During the trading session, the Nifty saw notable fluctuations, reaching an intraday high of 24,002.80 before dropping to a low of 23,484.75. Similarly, the Sensex rose to 76,220.02 but later fell to an intraday low of 74,589.11 as selling pressure intensified in the final hours.
Experts analyzing the Nifty’s technical outlook cautioned that a sustained drop below the 23,500 level could weaken the short-term structure, potentially pushing the index towards the 23,300–23,200 range if selling continues. They also noted that the 23,750–23,800 zone is likely to act as an immediate resistance area, with stronger resistance expected near the 24,000 mark.

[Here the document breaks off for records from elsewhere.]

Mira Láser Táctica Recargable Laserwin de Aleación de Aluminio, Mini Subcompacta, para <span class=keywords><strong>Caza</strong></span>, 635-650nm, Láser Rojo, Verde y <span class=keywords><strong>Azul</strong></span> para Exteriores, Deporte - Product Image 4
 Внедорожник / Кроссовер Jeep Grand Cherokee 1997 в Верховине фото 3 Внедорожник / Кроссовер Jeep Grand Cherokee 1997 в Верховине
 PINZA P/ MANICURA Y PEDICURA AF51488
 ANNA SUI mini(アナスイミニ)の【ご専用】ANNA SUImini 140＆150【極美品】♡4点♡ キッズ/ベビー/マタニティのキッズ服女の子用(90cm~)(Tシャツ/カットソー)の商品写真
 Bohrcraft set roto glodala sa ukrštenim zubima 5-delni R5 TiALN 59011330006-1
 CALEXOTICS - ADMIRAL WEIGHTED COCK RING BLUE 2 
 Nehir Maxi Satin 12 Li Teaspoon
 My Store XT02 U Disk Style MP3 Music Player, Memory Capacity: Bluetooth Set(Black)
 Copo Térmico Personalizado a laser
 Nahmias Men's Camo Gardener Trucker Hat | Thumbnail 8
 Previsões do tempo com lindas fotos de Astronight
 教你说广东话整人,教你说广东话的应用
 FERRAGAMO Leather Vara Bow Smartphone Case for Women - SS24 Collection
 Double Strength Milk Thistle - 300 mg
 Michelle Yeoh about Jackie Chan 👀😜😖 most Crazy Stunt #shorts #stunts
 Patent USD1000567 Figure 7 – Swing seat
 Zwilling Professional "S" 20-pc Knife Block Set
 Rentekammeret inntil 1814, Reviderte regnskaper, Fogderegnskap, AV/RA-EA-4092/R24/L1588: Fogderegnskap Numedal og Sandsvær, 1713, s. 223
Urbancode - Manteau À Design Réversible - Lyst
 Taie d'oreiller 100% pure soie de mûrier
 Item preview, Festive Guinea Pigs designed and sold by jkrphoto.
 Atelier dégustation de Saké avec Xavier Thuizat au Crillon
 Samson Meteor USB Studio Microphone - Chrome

In the broader market, the Nifty MidCap 100 index declined by 1.33%, and the Nifty SmallCap index slipped by 0.85%. Heavyweight stocks like Reliance Industries and ITC contributed to the downward trend, with shares falling by over 2.18% and 1.71%, respectively, offsetting gains in the technology sector.
Despite the overall market decline, IT stocks showed resilience, with the Nifty IT index recording a gain of more than 0.60%. Market participants favored technology stocks due to a surge in US tech stocks and the weakening Indian rupee, which is expected to benefit export-oriented IT firms by improving their margins.
Analysts highlighted the fragile market sentiment near higher resistance levels, attributing the widespread selling pressure to concerns raised by the IMD’s monsoon forecast of 90% of the long period average (LPA).